Alors voilà. Je ne sais pas si vous l’avez remarqué, mais notre droit administratif éprouve une appétence certaine pour la création de régimes juridiques fondés sur une autorisation administrative. Combien existe-t-il de régimes de cette nature ? Le décompte est impossible à tenir tant la tâche est immense. Mais on peut en avoir une illustration par l’absurde : examinez l’ensemble des décrets qui en 2014 et 2015 ont posé des dérogations à la règle selon laquelle le silence de l’administration vaut acceptation (Vous pouvez consulter cette liste ici) et vous constaterez que l’on compte quarante-cinq décrets de cette nature. En les examinant ensuite un à un vous verrez qu’ils contiennent des listes d’exceptions avec parfois des dizaines de lignes, et même parfois des centaines (par exemple, le décret n° 2014-1273 en énumère, d’après mon décompte, 230 !). Si l’on additionne tous ces décrets, il est vraisemblable que la liste des exceptions à ce principe dépasse le millier de régimes d’autorisations ou de dispositifs assimilés. S’il y a plus de 1000 exceptions, on peut imaginer que le nombre global de régimes d’autorisation s’élève un nombre encore bien plus élevé. Est-il de 5000, de 10 000 ? Encore une fois nul ne le sait car la tâche de les compter est bien trop grande. Mais en tous les cas, une chose est certaine c’est un nombre excessif et qui témoigne bien de ces excès de la bureaucratie française.

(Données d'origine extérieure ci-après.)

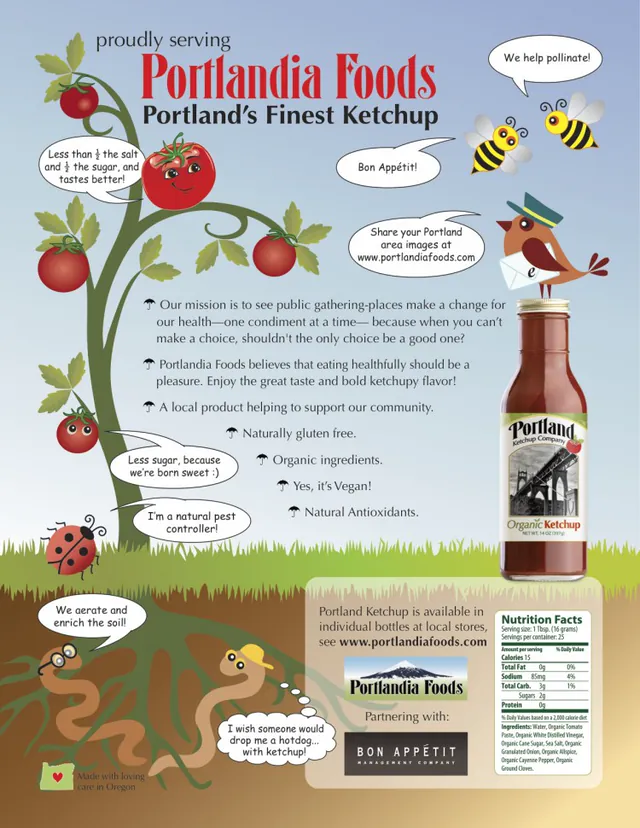 Portland Ketchup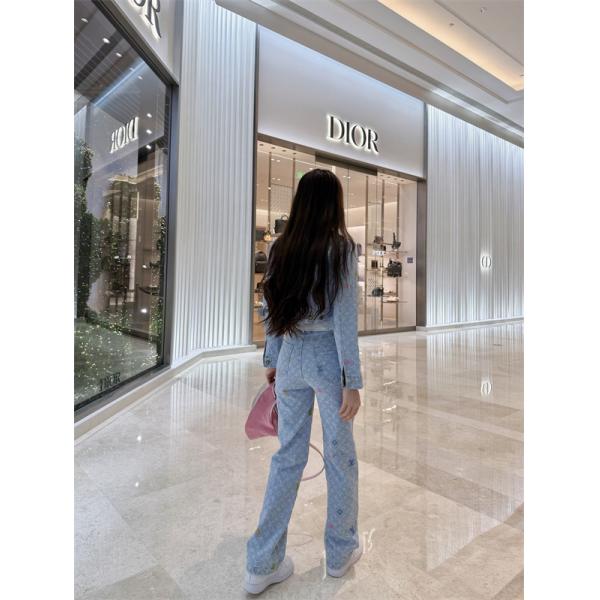 おしゃれ2026☆ルイヴィトンセットアップコピーレディースファッション通販☆LOUIS VUITTON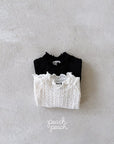 Little Foxx – Textured Tee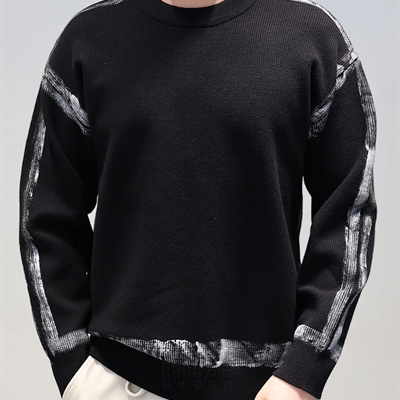 市场上装-毛衫-休闲毛衫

Ma contribution au grand débat est alors très simple elle consiste à proposer de supprimer 1000 régimes d’autorisation. J’ai bien dit supprimer, pas les remplacer par quelque chose d’autre. Et je voudrais prendre un exemple dans un domaine qui m’est familier, qui est celui du droit de l’urbanisme. Voilà un domaine dans lequel les autorisations sont abondantes, débordantes même sans doute. Et bien je pense que l’on pourrait supprimer la quasi-totalité de ces autorisations et notamment la plus emblématique d’entre elles le permis de construire.

Quoi, me direz-vous, supprimer le permis de construire, mais vous n’y pensez pas cela va être l’anarchie urbanistique la plus absolue !

Que nenni : le permis de construire a été généralisé dans la première moitié du XXe siècle à une époque où les normes d’urbanisme étaient relativement imprécises et où l’autorité administrative disposaient d’un fort pouvoir d’appréciation pour déterminer ce qui devait être autorisé ou ce qui devait être refusé. Aujourd’hui, observez un plan local d’urbanisme et vous constaterez qu’il entre dans un luxe de détails infinis pour les règles de densité, d’implantation, de destination des constructions. Alors pourquoi tout simplement ne pas laisser aux pétitionnaires et à leurs architectes le soin d’appliquer ces règles et de construire en fonction de celles-ci. Sous leur responsabilité, naturellement, et si les méconnaissent ils seront sanctionnés renouant ainsi avec le vieux principe qui gouverne nos libertés publiques : un régime répressif plutôt qu’un régime préventif fondé sur l’autorisation administrative préalable. Il y aurait sans doute des dérives, il y aurait sans doute quelques affaires scandaleuses. Mais il n’est pas certain qu’elle serait beaucoup plus nombreuses que celles qui existent aujourd’hui, de toutes ces constructions réalisées sans permis ou de manière non conforme au permis délivré et dont nos médias préférés ne nous rendent compte que lorsqu’elle concerne telle vedette du cinéma ou de la télévision. En contrepartie de ces risques somme toute minimes se sont des centaines de milliers d’autorisations qui ne seraient plus délivrées chaque année pour des coûts aussi bien à la charge de l’administration que les pétitionnaires qui dépassent de toute évidence le milliard d’euros annuels.

Et plus largement, ce qui est possible en droit de l’urbanisme l’est aussi dans bien d’autres domaines. Remplacer des régimes d’autorisations administratives par des mécanismes d’auto-contrôle ou l’intervention de personnes privées compétentes en matière de qualité simplifierait grandement la vie des entreprises et plus largement celles de tous les habitants.